**RECORDS FOR PROCESSING:**
<<<<
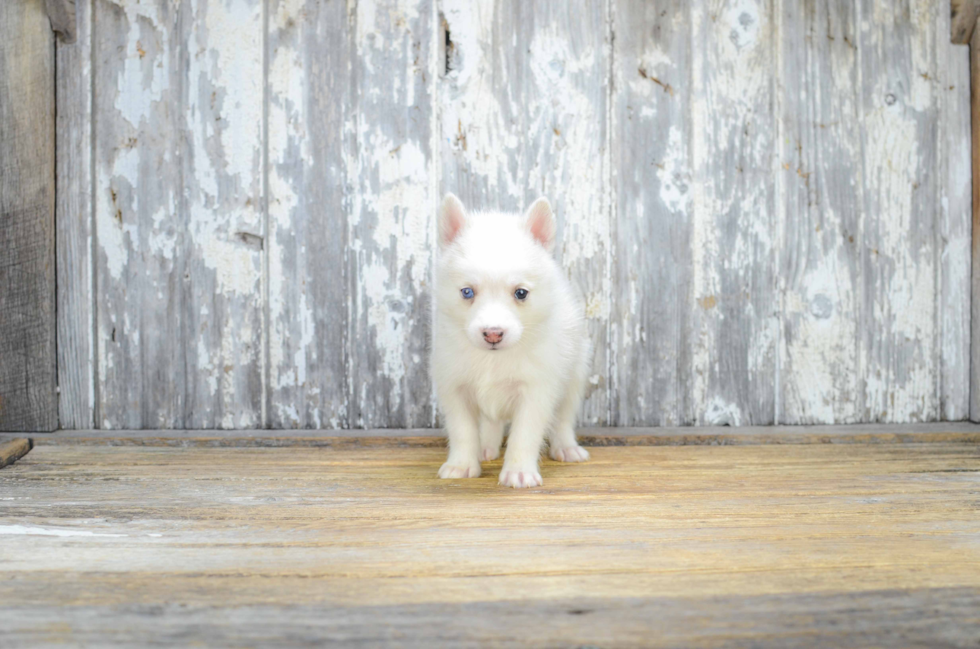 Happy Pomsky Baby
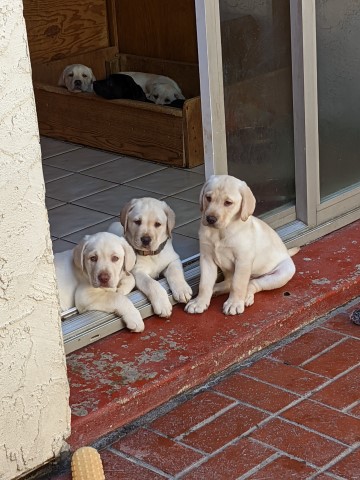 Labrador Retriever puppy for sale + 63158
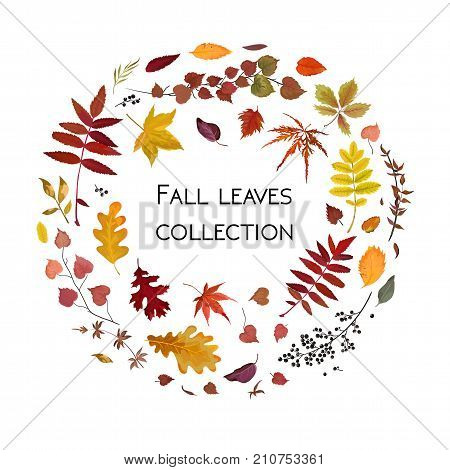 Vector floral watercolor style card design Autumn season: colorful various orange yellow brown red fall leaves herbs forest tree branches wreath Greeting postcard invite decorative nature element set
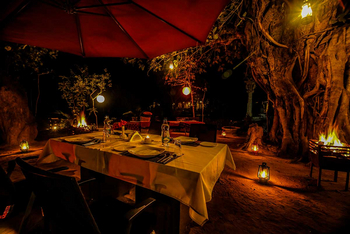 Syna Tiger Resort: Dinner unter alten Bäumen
>>>>
<<<<
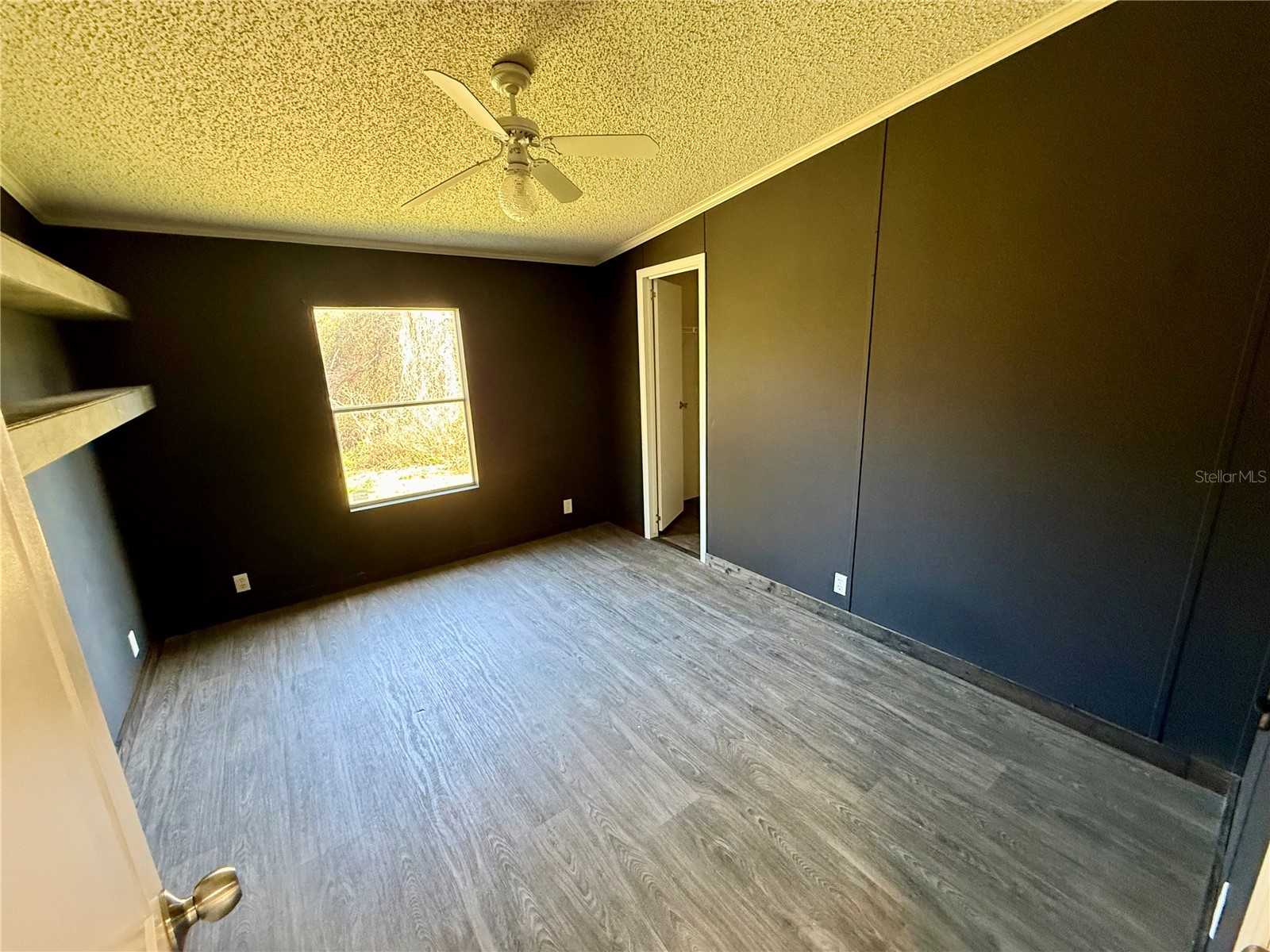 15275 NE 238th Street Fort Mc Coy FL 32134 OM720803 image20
>>>>
**REQUIRED ACTION:** Start at the line above containing "Happy Pomsky Baby" and stop at the line containing "Vector floral watercolor": print those lines and everything between them exactly, but not the pictures.

**EXERCISE RESULT:**
 Happy Pomsky Baby
 Labrador Retriever puppy for sale + 63158
 Vector floral watercolor style card design Autumn season: colorful various orange yellow brown red fall leaves herbs forest tree branches wreath Greeting postcard invite decorative nature element set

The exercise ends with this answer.